Il y a eu des avancées dans la reconnaissance de la légitimité
des actions menées par des associations de citoyens, des organisations
communautaires et des responsables de collectivités, notamment à
l’échelon local. Des partenariats ont été instaurés
aux niveaux international, national et local entre des entités du secteur
privé, des gouvernements, des administrations locales et d’autres acteurs
de la société civile. La décentralisation a beaucoup
progressé depuis la Conférence des Nations Unies sur l’environnement
et le développement (CNUED). À la suite de la quatrième
Conférence mondiale sur les femmes, il est de plus en plus largement
reconnu que le souci de la parité entre les sexes revêt une importance
particulière au regard de la participation, de la gestion urbaine et
de la prise des décisions, ainsi que de la question de l’égalité
d’accès à la terre et des droits en matière de propriété
et d’héritage.
- Un certain nombre de programmes
internationaux relatifs à l’environnement urbain, tels que le programme
de mise en oeuvre d’Action 21 à l’échelon local du Centre des
Nations Unies pour les établissements humains (Habitat) et le programme
" Cités viables " coparrainé par Habitat
et le Programme des Nations Unies pour l’environnement (PNUE), encouragent
la diffusion de ces schémas de gestion combinée de l’environnement
et du développement et des processus fondés sur une large participation
et une démarche intersectorielle à l’échelle du système
dans le cadre de projets pilotes de grande envergure en milieu urbain, d’une
coopération interorganisations et de programmes nationaux modèles.

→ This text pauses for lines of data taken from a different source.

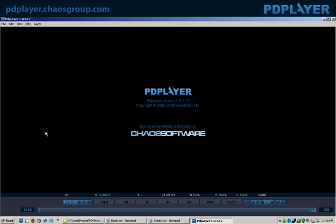PDPlayer shows frames being cycled at 24 frames a second, or whatever speed you set it at.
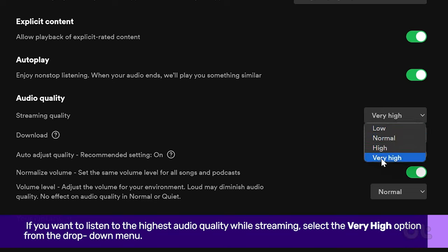If you want to listen to the highest audio quality while streaming, select the Very High option from the drop-down menu.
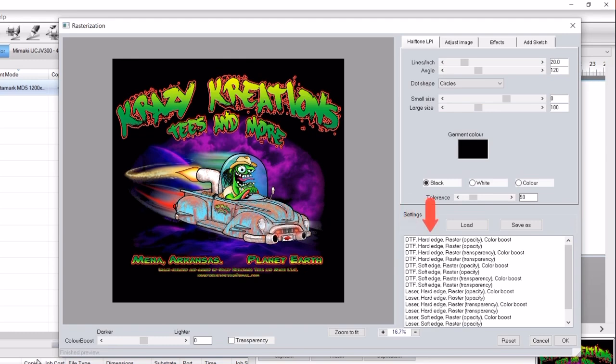Segment 2: whether the semi-transparent areas are clipped or blended smoothly. Segment 3: whether the rasterization is applied in all opaque areas over the entire image or only in the semi-transparent areas. Segment 4, when applicable: if a boost to the color has been applied.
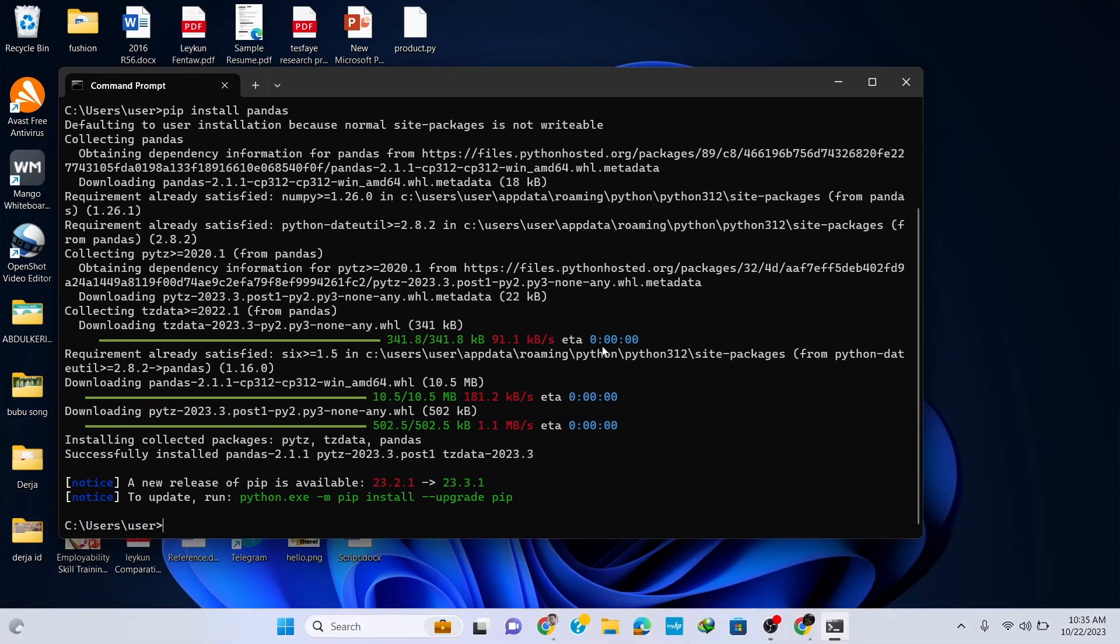All right, now the library is successfully installed, so you are now able to import and use pandas library in your coding. Thank you very much for watching and don't forget to like, share, and subscribe to our channel for more tutorials.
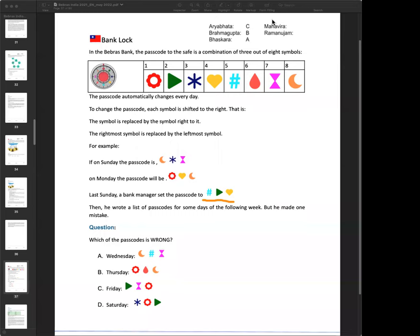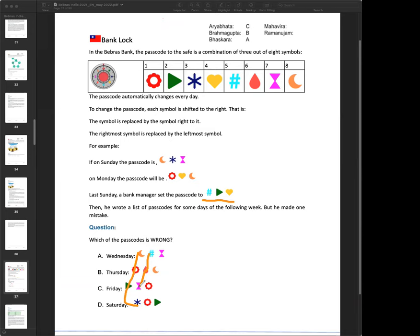A simpler approach: track each symbol in sequence from Wednesday through Saturday. The first symbol shifts correctly each day. Following the second symbol, hash → drop → time → moon, but on Saturday the second symbol is shown as flower instead of moon. You don't need to solve the entire sequence; once you spot the mismatch, you have the answer.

On peut citer, comme autre exemple, le programme local Action 21 du Conseil
international pour les initiatives locales en matière d’environnement,
qui vise plus particulièrement à mieux sensibiliser les autorités
locales à l’importance d’un développement rationnel des établissements
humains et d’une gestion mondiale de l’environnement, et à les encourager
à participer plus activement et plus résolument à ces
processus. La coopération offerte par le Conseil permet d’éviter
des doubles emplois, de réaliser des économies d’échelle,
de tirer des enseignements des expériences des uns et des autres et
de donner la plus large diffusion possible à ces enseignements, par
exemple par le biais de la participation du Conseil aux travaux du Forum sur
l’environnement urbain.
- Parmi les facteurs qui font obstacle
à la promotion d’un modèle viable d’établissements humains,
il faut citer le nombre insuffisant de partenariats établis, le fait
que l’on ne cherche pas suffisamment à créer une société
équilibrée dans laquelle les intérêts et les aspirations
des individus politiquement faibles peuvent influer véritablement sur
les processus de décision et les réformes législatives,
et le décalage qui existe entre les transferts de responsabilités
et la décentralisation effective des pouvoirs, des ressources et des
mécanismes de production de recettes.
- La mobilisation de ressources
humaines et financières suffisantes en vue de renforcer les capacités
et de créer un contexte plus favorable pour promouvoir la diffusion
de bonnes pratiques, encourager la formation de partenariats entre les administrations
centrales et locales aux fins de la définition des politiques, traduire
les politiques appropriées en une réalité concrète
et durable à l’échelon local et mieux donner aux personnes démunies,
exclues ou marginalisées la possibilité de participer pleinement
à la mise en oeuvre d’Action 21 et du Programme pour l’habitat
et d’en bénéficier, reste déterminante pour la promotion
d’un modèle viable d’établissements humains.
A. Amélioration de
la gestion urbaine
- Des progrès notables ont
été accomplis dans divers pays et différentes villes
dans la mise au point de mécanismes pour assurer une bonne administration
urbaine. Les actions entreprises relèvent de trois grandes stratégies,
à savoir promouvoir la décentralisation et renforcer les autorités
locales; encourager la participation de la population et l’engagement civique;
veiller à ce que la gouvernance des villes soit transparente, soumise
à l’obligation redditionnelle et efficace.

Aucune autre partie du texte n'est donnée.